Now the farm is smaller, 180 acres centered around a yellow 1840 farmhouse on the east side of Old 86; the farm’s cattle are located in several satellite fields around the county. The green field I’ve admired for so long is planted with a cover crop for the winter; in the summer, it grows wheat that’s sold for bread flour or for livestock feed, depending on the quality of the crop.
For the past 70 years, the Hogans were dairy farmers, selling their milk in bulk to large-scale companies. In the late nineties, Rob and Ann Hogan decided they wanted to do something more local and community oriented, and something that would give their sons the opportunity to stay on the farm, which was impossible with dairy farming. They evolved from a dairy farm to selling grass-fed beef, packaged under their own label and sold from coolers in the “meat house” in their backyard. In addition to the wheat, they harvest straw for landscaping, firewood, and horse hay, if there’s enough rain for it.
Customers stop by the farm, marked with an unobtrusive “For Sale: Grass Fed Beef” sign, on Fridays and Saturdays to buy beef. It doesn’t get more local than that! Parents often bring their children, Rob tells me, telling them, “We’re going to the farm to get our dinner.” The kids love to look around, and they especially love to visit Rameses.
If you’ve ever been to a UNC football game, you know who Rameses is: not the goofy costumed UNC mascot running around the sidelines, consorting with the cheerleaders and shaking his fists at the crowd, but the actual wooly ram with Carolina blue horns, standing calmly on his leash, waiting to be petted by dozens of children. For 84 years, the Hogans have been the caretakers of the live mascot, a horned Dorset sheep who lives in a grassy field behind their barn. In addition to the football games, Rameses attends the Christmas parade and other social events.
As we head behind the barn, Rob tells me that Rameses the XVII will be retiring this year after five years of service, and his son Rameses the XVIII will takeover. Rob calls to the sheep, and they trot out from the bushes and come to us at the fence. Rob pets Rameses the XVIII as he describes them; he’s been petting Rameses’s face since he was a lamb, getting him used to it so he won’t mind the crowds of fans. While Rob’s talking, Rameses the XVII stands quietly nearby; then he backs up to the fence and begins to scratch his butt from side to side on the stiff wires.

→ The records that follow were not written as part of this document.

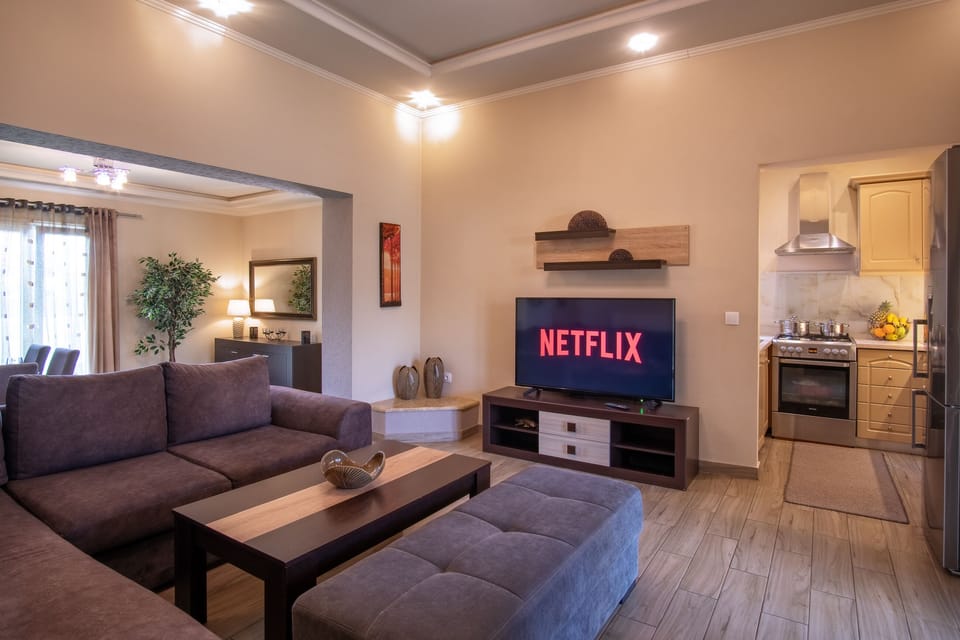 Star Jasmine House Acharavi-Living Room 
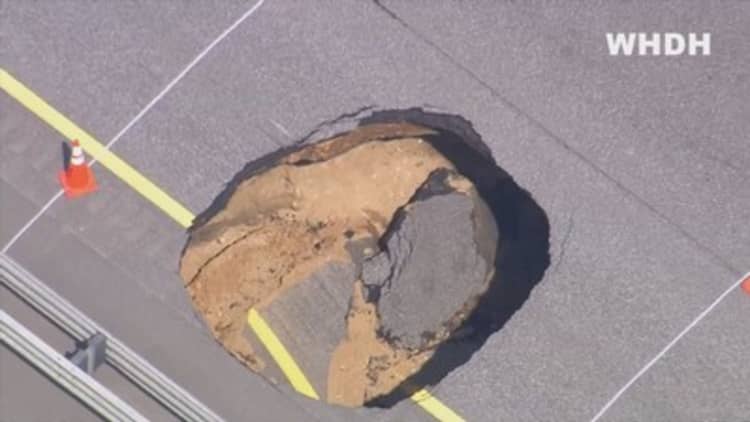 Sinkhole emerges on New Hampshire highway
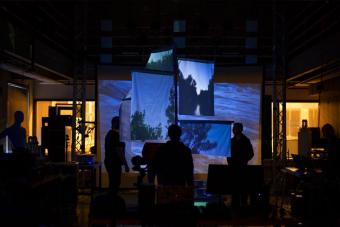Students display a projected exhibition of nature seen through windows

After meeting the Rameses-es, I’m taken to meet some of the cattle, grazing off Homestead Road. Traditional meat growers pack young cattle off to a feedlot, to fatten them up as quickly as possible; the Hogans keep theirs until it’s time to slaughter them. The demand became larger than they could supply, so they’ve increased their herds by partnering with other farmers around the county who have the space, and who can benefit from the work of raising the cattle while following the Hogans’ instructions to maintain the quality of the meat.

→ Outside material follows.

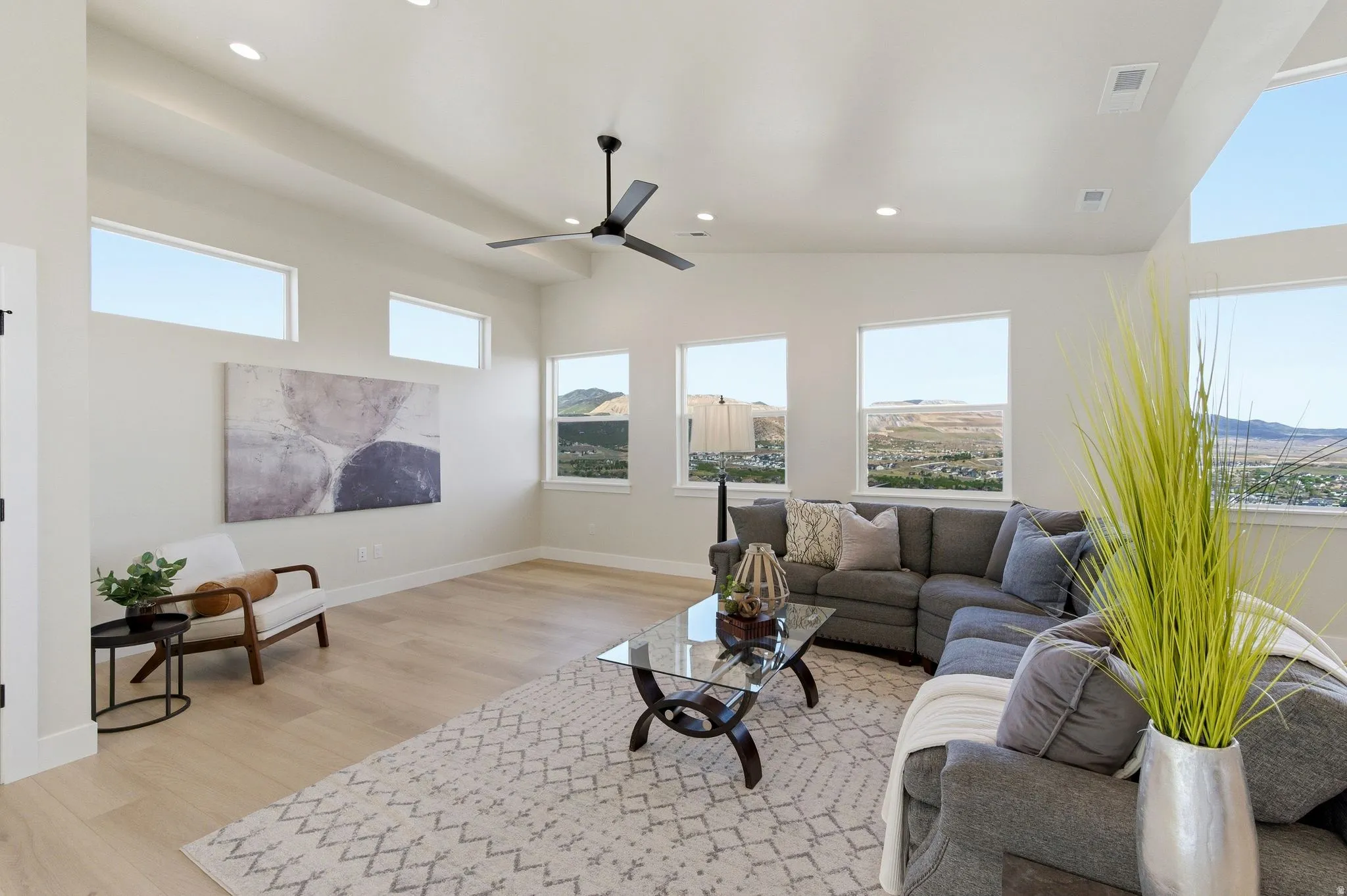 Living area featuring wood-finish flooring, recessed lighting, a ceiling fan, multiple windows, and high ceilings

Finally, we go to see the cows and calves, and Gilbert the bull, in the green field where Highway 54 meets West Main Street. I’ve always wondered about these cows and watched them as I biked past. Now I’m standing on the inside, gazing with a cow’s eye view out at the Food Lion in Carrboro Plaza. The pastoral scene is so beautiful, however, that the Food Lion soon shrinks into nothingness. Brown and white cows surround the pickup truck, the bravest sticking their noses into the open windows. Some of them moo at us; others turn away and go back to grazing. Calves stumble after their mothers; Gilbert watches with a wary eye. The rumble of traffic on the highway becomes a gentle buzz, all I can hear is mooing and chewing and birds calling. If the Hogans ever get tired of grass-fed beef, they can open a Live-With-the-Cows Bed and Breakfast.
To celebrate their new local outlook, the Hogans decided to be on the Farm Tour for the first time this year. Stop by to meet them, to see some farm equipment like their “drill” seeder, which plants seeds through the last crop’s stubble, saving fuel and time and protecting the ground from erosion, and to visit Rameses. You’ll still appreciate their wide green fields when you pass by, no longer as an anomaly but as part of a working, local farm.